(Entries taken from a collection)
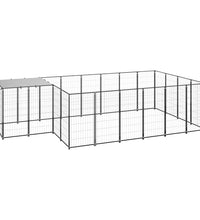Hundezwinger Schwarz 8,47 m² Stahl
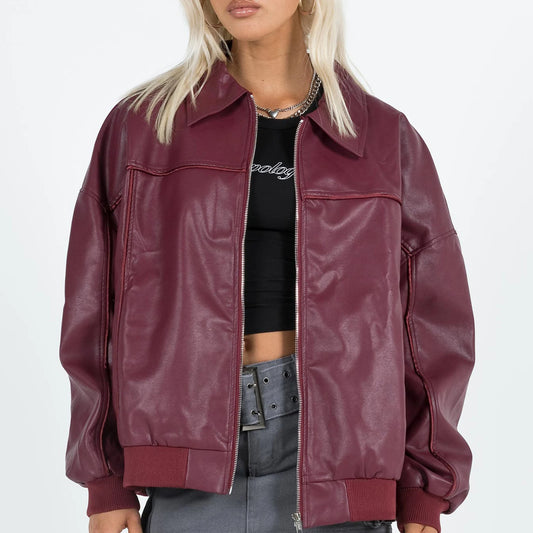 Patch Boutique Oversized Bomber Jacket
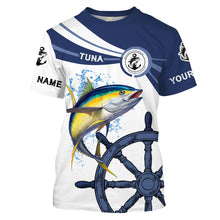 Load image into Gallery viewer, Tuna fishing All Over Printed Shirts Customize Name and boat name Long Sleeve Fishing Shirts NQS1731
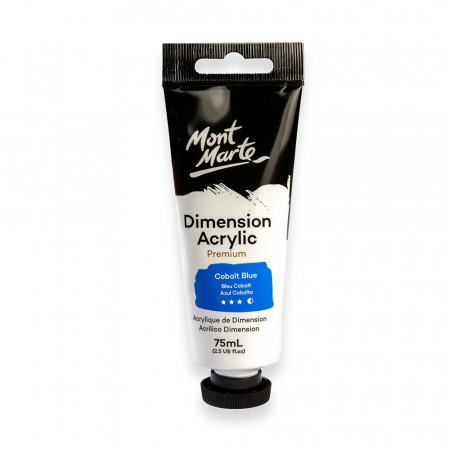Dimension Acrylic 75ml - PMDA0022 Vopsea acrilicǎ Dimension Mont Marte 75ml - Cobalt Blue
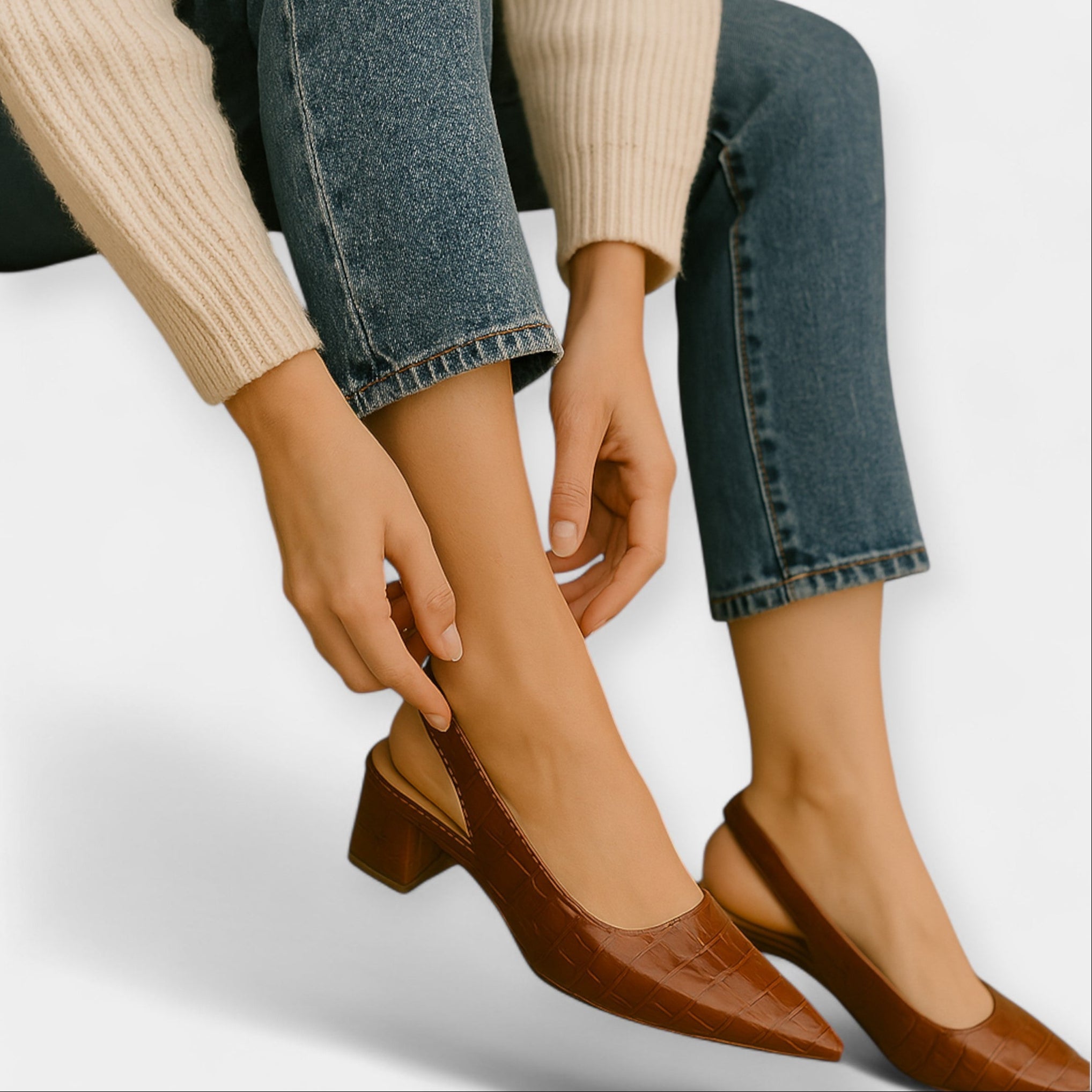 Escarpins avec Détails de Luxe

--- What needs to be done ---
Word-for-word restatement: every line from the one with "Dimension Acrylic 75ml" through the final line of the data, both ends included, pictures excluded.

--- Output below ---
Dimension Acrylic 75ml - PMDA0022 Vopsea acrilicǎ Dimension Mont Marte 75ml - Cobalt Blue
 Escarpins avec Détails de Luxe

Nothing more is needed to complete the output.